Wednesday, April 20, 2016

Theodor Falser Returns to Gobo Upstairs, Traders, To Guest Chef With One Michelin Star Under His Toque

Once upon a time, circa ten years ago, when Traders Hotel KL was born, the Marcomm Manager, Theresa Goh made a wish, that the gods of the culinary world would send her a good looking Chef, to make her life easier to market the new hotel's F&B outlets.  Clearly, her wish was granted in the form of Chef Theodor Falser...

Chef Theodor left for his home Italy a few years later, and fast forward to a few years down the line, he returns to Traders as a guest chef for a week or so, but this time with a Michelin Star under his chef's toque.  The return to his homeland saw him cultivate his brand of Italian cuisine using herbs and vegetables, often cultivated within the grounds of the Hotel Spa & Resort Engel, Italy.  Apparently he also runs a burger joint at the side.

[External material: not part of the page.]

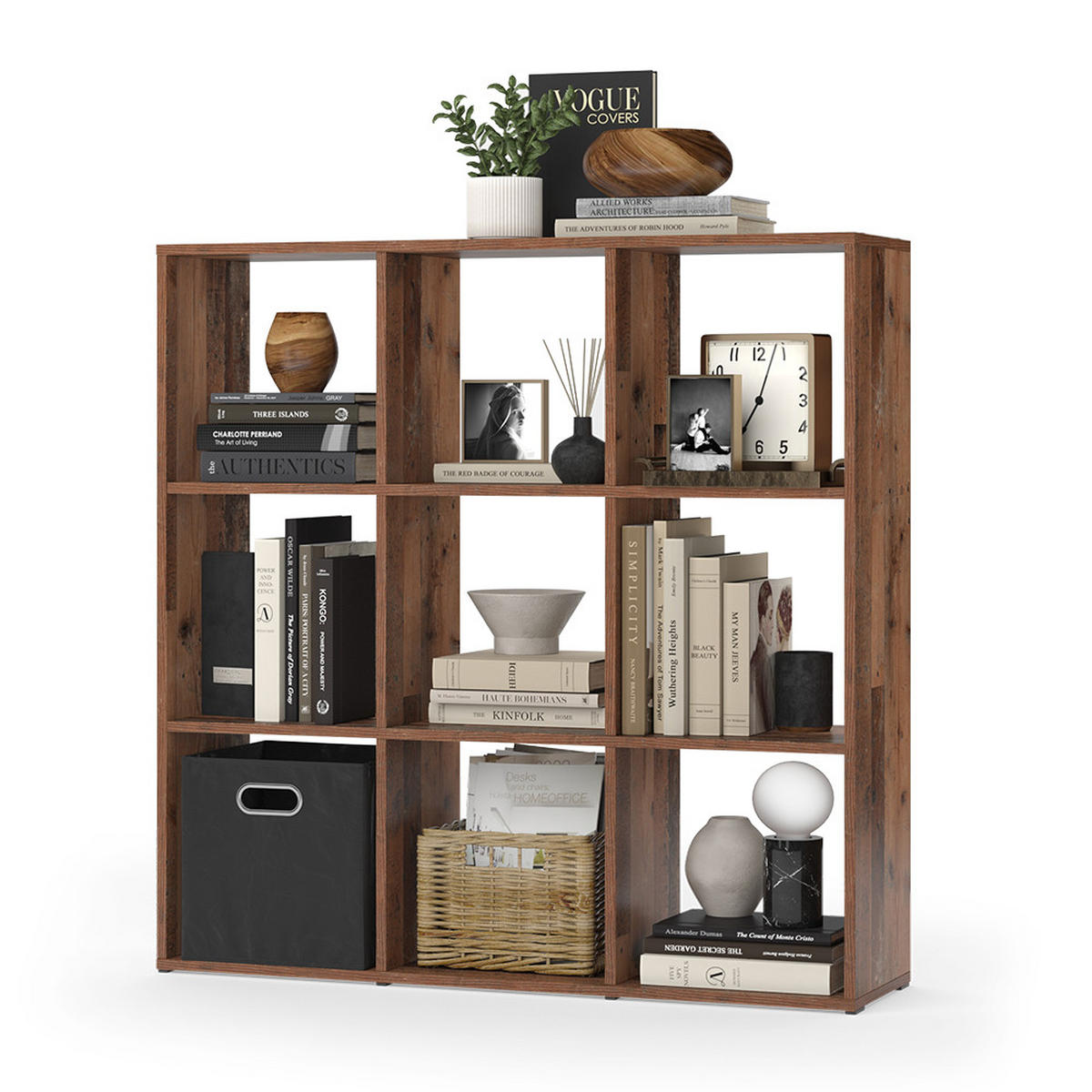 RAUMTEILER Nove Antikholz 104 x 108 cm - Alteiche, Holzwerkstoff (104/108/29cm) - Vicco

Every now and then, life tosses you a bonus, and I was delighted and privileged to be invited for a special media preview of the Wine Pairing Dinner paired with the works of Theodor.

Chef in action, and he always seems rather smiley, clearly driven by passion for what he loves doing.

He seems to calm and unflustered as he prepares the dinner for a group of 30 or so privileged guests.

I particularly like this candid shot of the ever elegant Theresa so I'm putting it in this post.



With eight or so different wines, and pre dinner Prosecco, we knew it was going to be a great night, and that menu looked simply divine

Grilled Potato  Focacia and whole wheat bread with walnut pesto.  Perfect serving slice, and the nice thin focacia was just the thing to titillate our palate to whet our appetites for more.  The Ruffino Prosecco NV was also the perfect pre dinner drink to get everyone in the mood.


Jerusalem Artichoke done 2 ways, with elder caper dressing, and salted peaches, paired withe the Ruffino Lumina, Pinot Grigio Veneze 2014.  Artichoke is not something you'd see regularly in our menus, so it's really quite a treat if you like artichoke, like me.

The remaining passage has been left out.